I finally figured out why I'm having such a hard time with the fourth Sasha Jackson Mystery. 
Seems that until just now, I'd forgotten about a very good piece of mystery writing advice:  Know Your Victim

When I first began writing, I remember being told to start with the victim.  The author must know who died - of course - but knowing who the victim was, what his life was like, what his influences were, what his values were and so on makes the story unfold for the author (and ultimately for the reader as well).

It's easy to forget this advice since the victim will most likely not be an "active" part of the story.  You won't likely give the victim much dialogue.  There aren't likely to be many descriptions of him going about his day, going to work, interacting with others.  (Keep in mind that in North American mysteries the dead body usually turns up within the first few pages).
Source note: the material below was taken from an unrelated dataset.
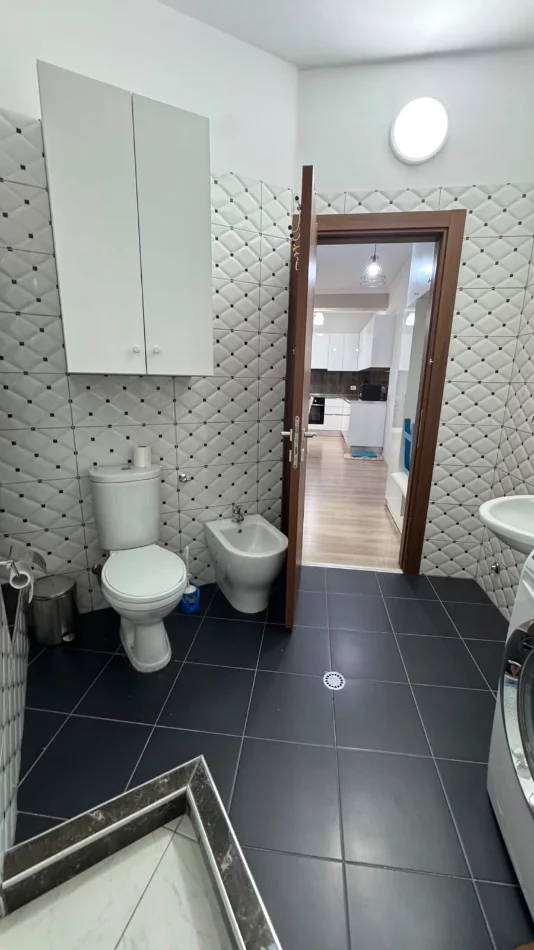 Tirane, jepet me qera apartament 2+1 Kati 6,Mobiluar, Ashensor, Çmimi 60.000 Lekë të Reja, (Brryl, Përball Maternitetit të Ri, Tiranë)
In Frisky Business, book four of the Sasha series, I have two victims, both female.  Right from the get-go, I've had a solid background of Victim #1.  Because of this, it's pretty easy to figure out (and write) who killed her and why.  I have a good understanding of what made her tick.  Knowing her well tells me who will be in her life, with whom she would have interacted, and so on; thus I have a pool of characters that my sleuth can turn to during the investigation. 

But Victim #2 is another story... I keep getting stuck on this one.  Everything I've written ends up being deleted a couple of days later.  It finally occurs to me that I need to figure out more of her background.  My gut tells me that once I do that, the rest will fall into place.  
When I know who the victim is, I'll know what else I need in order to write the story.

1 comment:

  1. In my mysteries the victims usually have some early-story interaction with the protagonist. As such, they have built in backstory and character development.